- Hungarian DVD cover
- Genre: Crime Drama
- Based on: Oliver Twist by Charles Dickens
- Written by: James Goldman
- Directed by: Clive Donner
- Starring: George C. Scott Tim Curry Michael Hordern Timothy West Eileen Atkins Cherie Lunghi Oliver Cotton Richard Charles Martin Tempest
- Music by: Nick Bicât
- Countries of origin: United States United Kingdom
- Original language: English

Production
- Executive producer: William F. Storke
- Producers: Ted Childs Norton Romsey
- Cinematography: Norman G. Langley
- Editor: Peter Tanner
- Running time: 103 minutes
- Production companies: Claridge Productions Grafton Productions Norman Rosemont Productions Trident

Original release
- Network: CBS
- Release: March 23, 1982

= Oliver Twist (1982 TV film) =

1982 television film directed by Clive Donner

Oliver Twist is a 1982 American-British made-for-television film adaptation of the 1838 Charles Dickens classic of the same name, premiering on the CBS television network as part of the Hallmark Hall of Fame anthology. Stars include George C. Scott, Tim Curry, Cherie Lunghi and Richard Charles as Oliver Twist, in his first major film role.

==Plot==
Alice Fleming, a pregnant woman, makes her way to a workhouse and dies giving birth to a baby boy. The beadle of the workhouse, Mr. Bumble names the boy Oliver Twist. Years later, Oliver makes the mistake of asking for more gruel for a fellow starving orphan after he refuses to accept his. As punishment, Oliver is sold to work as an apprentice to a local undertaker named Mr. Sowerberry, where he is used as a mute at children's funerals. This leads to resentment from Sowerberry's older apprentice, Noah Claypole, who retaliates by insulting Agnes, resulting in Oliver attacking Noah. Siding with Noah, Sowerberry decides to send Oliver back to the workhouse.

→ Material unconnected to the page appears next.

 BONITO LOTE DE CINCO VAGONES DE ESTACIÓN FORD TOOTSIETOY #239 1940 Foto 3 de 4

However, Oliver escapes and travels a seven-day journey to London where he meets a pickpocket named Jack Dawkins, better known as the Artful Dodger. Dodger introduces Oliver to his master, a criminal named Fagin. Soon enough, Oliver learns that Fagin teaches young boys how to steal. Oliver also meets Bill Sikes, Fagin's brutal associate and his lover, Nancy, who develops a maternal love for Oliver. Sikes forces Oliver to burgle a house. The burglary goes wrong when Oliver is shot and Sikes escapes leaving Oliver behind. The residents of the house, Mr. Brownlow and his niece Rose Maylie decide to nurse Oliver back to health. They notice a strong resemblance between Oliver and a portrait of Agnes, Mr. Brownlow's friend's daughter.

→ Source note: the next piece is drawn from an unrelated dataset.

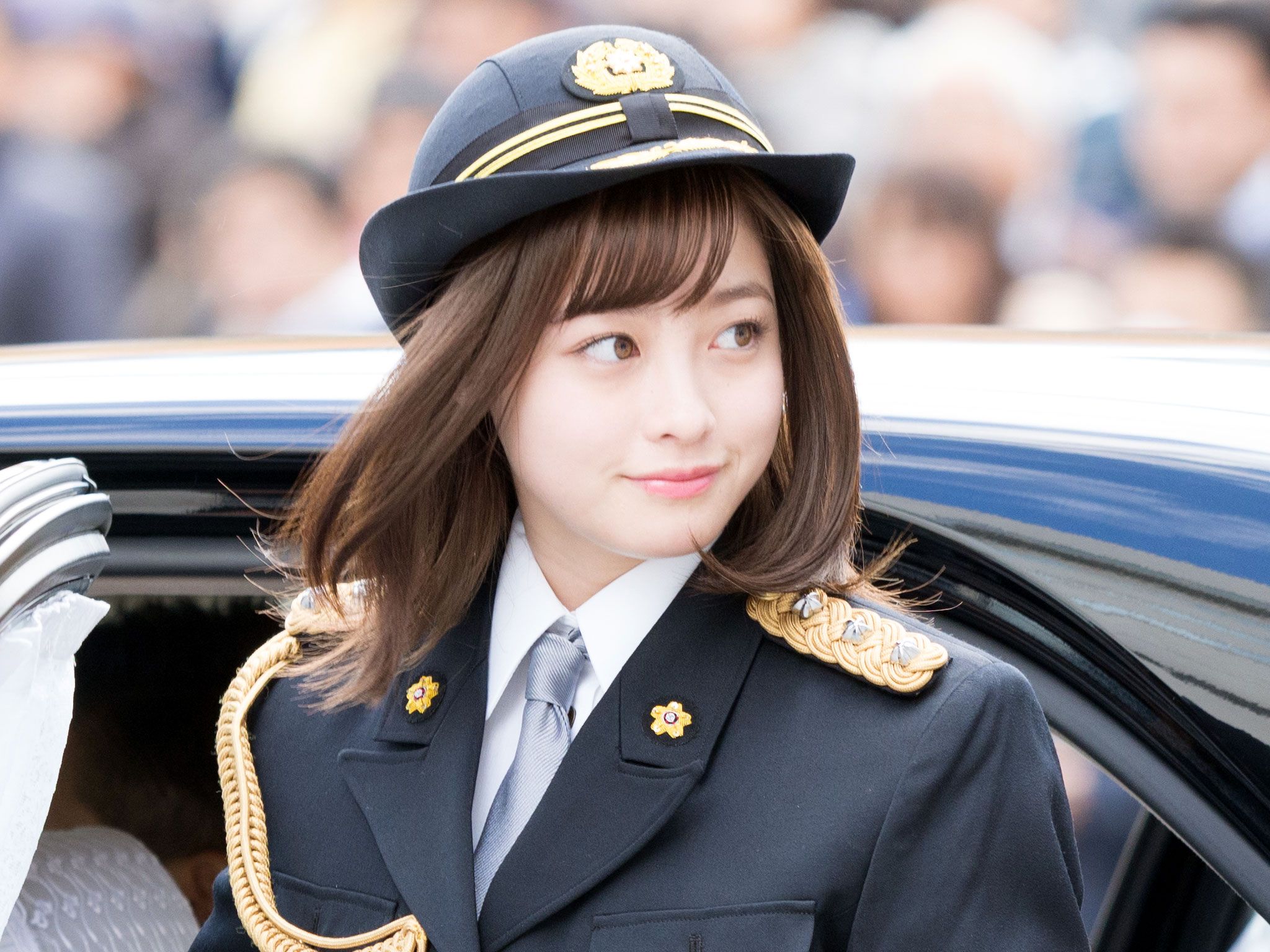 Kanna Hashimoto One day police chief 20171201 2 trim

Meanwhile, it is revealed that Fagin is working with a mysterious man named Monks, who is none other than Oliver's half-brother. Monks' father Edwin Leeford had left a will which favours Oliver over Monks; however, the will states that should Oliver be involved in crime, then Monks will be entitled to the will. Monks visits Mr. and Mrs Bumble, buying from them a locket which Mrs. Bumble had stolen from Agnes before she died. Returning to London, Monks offers Fagin £500 to murder Oliver. Nancy overhears this and informs both Mr. Brownlow and Rose. Unbeknown to her, Fagin has sent one of his boys, Charlie Bates, to dodge Nancy (with Dodger having been deported to Australia). Charlie reveals what he heard to Fagin, who confronts Nancy the following day. Believing she has betrayed him, Sikes brutally murders Nancy whilst Fagin is arrested by the police. Monks is directly confronted by Mr. Brownlow, who is revealed to have been a close friend of Edwin, who fell in love with Agnes and subsequently gave birth to Oliver. Oliver recognises Monks from two previous encounters.

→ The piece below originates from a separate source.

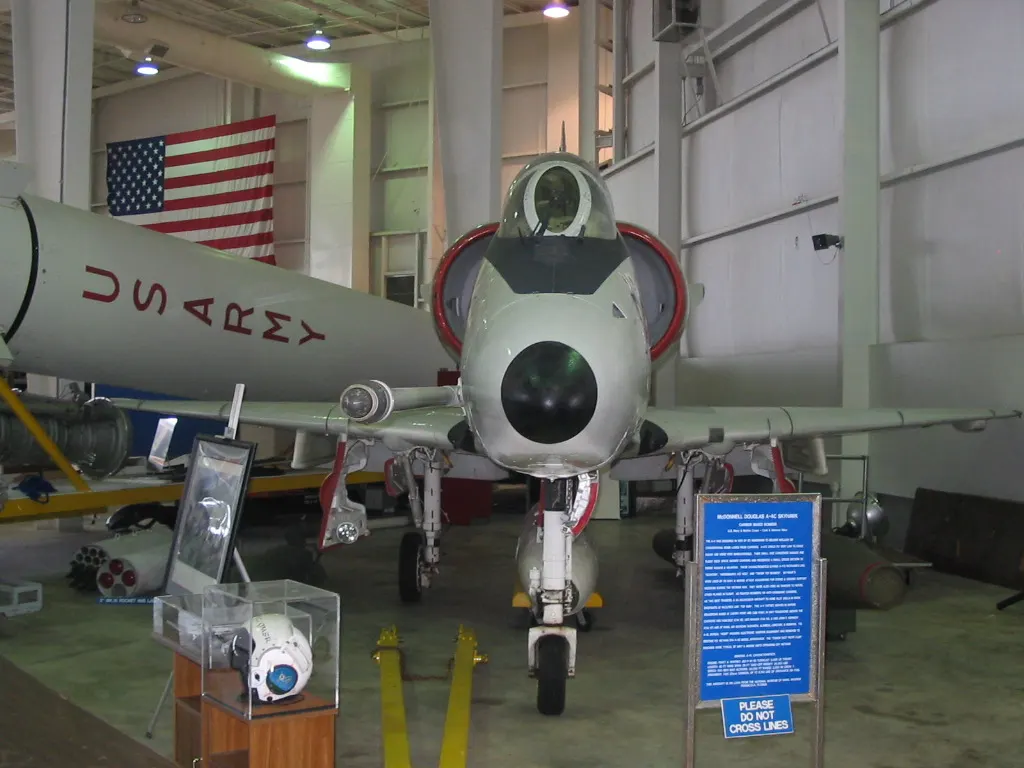 EA-4F Skyhawk elektronik savaş uçağı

Whilst on the run, Sikes continues to be haunted by Nancy which leads him to accidentally hang himself whilst escaping from an angry mob on a rooftop. Mr. Brownlow and Oliver visit Fagin in jail, knowing the criminal will soon be sentenced to death; Fagin reveals he has left treasure for Oliver in his hideout. Mr. Brownlow, Oliver and Rose also travel to the workhouse where Mr. and Mrs. Bumble are forced to reveal their role in Monks' scheme. The two lose their jobs at the workhouse and Monks is sent to prison. Oliver leaves to continue his life with Mr. Brownlow.